This is the second installment in a five-part series.
Part 1 [November/December 2000], "Living by Law, Looking for Intimacy," explored what Christians can learn from the debates that divide American Jews, taking as a point of departure Samuel G. Freedman's book, Jew vs. Jew: The Struggle for the Soul of American Jewry.
Next, part 3 will consider medieval anti-Semitism and the Eucharist (via Miri Rubin's Gentile Tales).
Part 4 will discuss German Jews, Edith Stein in particular.
Part 5 will conclude the series with Messianic Judiaism.
Christianity in Jewish Terms edited by Tikva Frymer-Kensky, David Novak, Peter Ochs, David Fox Sandmel, and Michael A. Signer, Westview Press, 256 pp.; $30
For many, "Jewish-Christian dialogue" conjures up images of earnest, well-meaning folks in the 1970s, sitting around informally over cake and coffee: Jews and Christians who want to get people together and embrace. Reconcile. Make friends. See that the Jews don't have horns or drink blood. See that the Christians aren't going to shove tracts down your throat or kill you.

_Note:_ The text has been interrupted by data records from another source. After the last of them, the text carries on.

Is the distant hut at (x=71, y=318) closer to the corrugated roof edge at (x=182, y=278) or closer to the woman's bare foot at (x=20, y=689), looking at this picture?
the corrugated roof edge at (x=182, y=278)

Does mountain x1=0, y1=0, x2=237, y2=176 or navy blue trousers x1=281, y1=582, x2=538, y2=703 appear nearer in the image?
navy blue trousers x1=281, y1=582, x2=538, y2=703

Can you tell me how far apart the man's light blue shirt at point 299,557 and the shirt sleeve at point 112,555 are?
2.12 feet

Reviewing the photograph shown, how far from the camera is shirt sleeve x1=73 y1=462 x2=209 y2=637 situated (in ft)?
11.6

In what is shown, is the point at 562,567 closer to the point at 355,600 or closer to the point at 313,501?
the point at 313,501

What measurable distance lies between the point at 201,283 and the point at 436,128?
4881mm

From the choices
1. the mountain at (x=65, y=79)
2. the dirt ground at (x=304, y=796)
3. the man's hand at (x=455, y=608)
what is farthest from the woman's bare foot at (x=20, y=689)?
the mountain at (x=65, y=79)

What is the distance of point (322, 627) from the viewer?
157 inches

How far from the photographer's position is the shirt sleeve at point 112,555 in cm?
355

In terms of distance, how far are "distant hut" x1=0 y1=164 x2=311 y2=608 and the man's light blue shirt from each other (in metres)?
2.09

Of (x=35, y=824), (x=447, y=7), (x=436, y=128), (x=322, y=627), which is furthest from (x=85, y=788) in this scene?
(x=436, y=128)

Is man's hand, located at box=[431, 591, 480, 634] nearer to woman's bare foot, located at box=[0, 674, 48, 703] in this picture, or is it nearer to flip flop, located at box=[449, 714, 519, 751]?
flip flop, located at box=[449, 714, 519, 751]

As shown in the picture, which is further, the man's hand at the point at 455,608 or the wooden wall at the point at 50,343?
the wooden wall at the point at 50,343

Jewish-Christian dialogue, as it has proceeded in the half-century after the Shoah, has been measured, judicious, exquisitely sensitive—but even those of us with a strong stake in the outcome have found the conversation rather stale. Christianity in Jewish Terms might be the book to reinvigorate the dialogue. The volume's editors have gathered together 34 scholars, 23 Jewish and 11 Christian, to comment on ten theological themes: God, Scripture, Suffering, Redemption, and so on. Each chapter comprises three essays—a main piece by a Jewish scholar, and then two shorter responses, one by a Jewish scholar and one by a Christian.

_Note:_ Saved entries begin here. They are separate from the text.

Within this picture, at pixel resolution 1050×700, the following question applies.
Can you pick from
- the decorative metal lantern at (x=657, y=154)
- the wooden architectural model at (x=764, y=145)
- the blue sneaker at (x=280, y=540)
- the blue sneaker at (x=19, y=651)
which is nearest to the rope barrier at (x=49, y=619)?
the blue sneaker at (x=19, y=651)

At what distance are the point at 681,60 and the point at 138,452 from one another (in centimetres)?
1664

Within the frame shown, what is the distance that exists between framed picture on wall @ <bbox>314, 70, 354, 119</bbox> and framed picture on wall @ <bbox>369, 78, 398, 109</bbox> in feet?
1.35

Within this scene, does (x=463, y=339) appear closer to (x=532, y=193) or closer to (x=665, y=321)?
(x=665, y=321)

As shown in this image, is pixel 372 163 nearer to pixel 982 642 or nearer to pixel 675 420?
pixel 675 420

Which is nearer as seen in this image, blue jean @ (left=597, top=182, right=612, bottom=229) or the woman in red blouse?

The essays are governed by the prefatory "Jewish Statement on Christians and Christianity," which first ran as a full-page ad in the New York Times. Though that statement makes historical points ("Nazism was not a Christian phenomenon") and normative assertions ("Jews and Christians must work together for justice and peace"), the heart of the statement is theology—bold, simple theology: "Jews and Christians worship the same God." That opening salvo, and the theological structure of the book, promise to introduce theology into a conversation that has too long been dominated by Rodney King's question: Why can't we all just get along?
In the event, Christianity in Jewish Terms offers something more modest. Instead of doing theology together, most of the contributors use theological tools to accomplish a social project—implicitly conceding, perhaps, that a social project may be as far as Jews and Christians can go, that we need to play it safe: articulate each other's beliefs, and revel in the family resemblances. But even that is no mean accomplishment, and some of the contributors clearly want to go beyond the social project to genuine theological engagement.

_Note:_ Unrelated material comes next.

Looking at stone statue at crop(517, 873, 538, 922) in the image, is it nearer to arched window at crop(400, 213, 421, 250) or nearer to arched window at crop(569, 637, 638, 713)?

The strategy of Christianity in Jewish Terms is perhaps best exemplified by Elliot Wolfson's essay on incarnation (or "embodiment"). The incarnation of God is, arguably, the Christian concept that seems most foreign to Jews. Many Jews assume that Judaism has no place at all for a doctrine of an embodied God, but Wolfson shows that
classical Jewish sources yield a philosophical conception of incarnation … that refers specifically to the imaginal body of God, a symbolic construct that allows human consciousness to access the transcendent reality as a concrete form manifest primarily (if not exclusively) in the sacred space of the two major forms of worship of the heart: prayer and study.